**Exercise data**
_ _ _ _ _ _ _

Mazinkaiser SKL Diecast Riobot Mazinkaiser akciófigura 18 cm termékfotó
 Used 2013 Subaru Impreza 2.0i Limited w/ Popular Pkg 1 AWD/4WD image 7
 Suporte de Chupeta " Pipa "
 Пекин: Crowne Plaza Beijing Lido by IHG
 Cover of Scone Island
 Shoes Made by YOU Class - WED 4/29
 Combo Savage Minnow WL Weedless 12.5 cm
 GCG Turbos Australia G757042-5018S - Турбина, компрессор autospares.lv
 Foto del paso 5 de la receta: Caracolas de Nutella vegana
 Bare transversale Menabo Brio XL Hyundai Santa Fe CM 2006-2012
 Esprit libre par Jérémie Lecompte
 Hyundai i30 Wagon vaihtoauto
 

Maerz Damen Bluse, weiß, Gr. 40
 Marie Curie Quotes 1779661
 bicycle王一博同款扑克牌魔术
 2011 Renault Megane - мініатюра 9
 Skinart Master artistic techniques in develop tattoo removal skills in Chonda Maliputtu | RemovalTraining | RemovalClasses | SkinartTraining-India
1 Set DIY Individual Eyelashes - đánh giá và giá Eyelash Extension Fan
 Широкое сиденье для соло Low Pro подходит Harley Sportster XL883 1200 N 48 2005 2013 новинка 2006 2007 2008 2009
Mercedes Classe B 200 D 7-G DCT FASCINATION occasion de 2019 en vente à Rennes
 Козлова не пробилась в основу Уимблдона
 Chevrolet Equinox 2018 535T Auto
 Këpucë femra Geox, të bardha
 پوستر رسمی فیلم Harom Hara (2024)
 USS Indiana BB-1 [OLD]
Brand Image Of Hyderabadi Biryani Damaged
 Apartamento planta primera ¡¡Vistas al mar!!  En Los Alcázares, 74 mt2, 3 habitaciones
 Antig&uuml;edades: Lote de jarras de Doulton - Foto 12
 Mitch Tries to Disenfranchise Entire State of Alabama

_ _ _ _ _ _ _

**How to complete this task**
Retype the line containing "Brand Image Of Hyderabadi Biryani Damaged" and all the lines after it, ending with the final line of the material, exactly.

**Task solution**
Brand Image Of Hyderabadi Biryani Damaged
 Apartamento planta primera ¡¡Vistas al mar!!  En Los Alcázares, 74 mt2, 3 habitaciones
 Antig&uuml;edades: Lote de jarras de Doulton - Foto 12
 Mitch Tries to Disenfranchise Entire State of Alabama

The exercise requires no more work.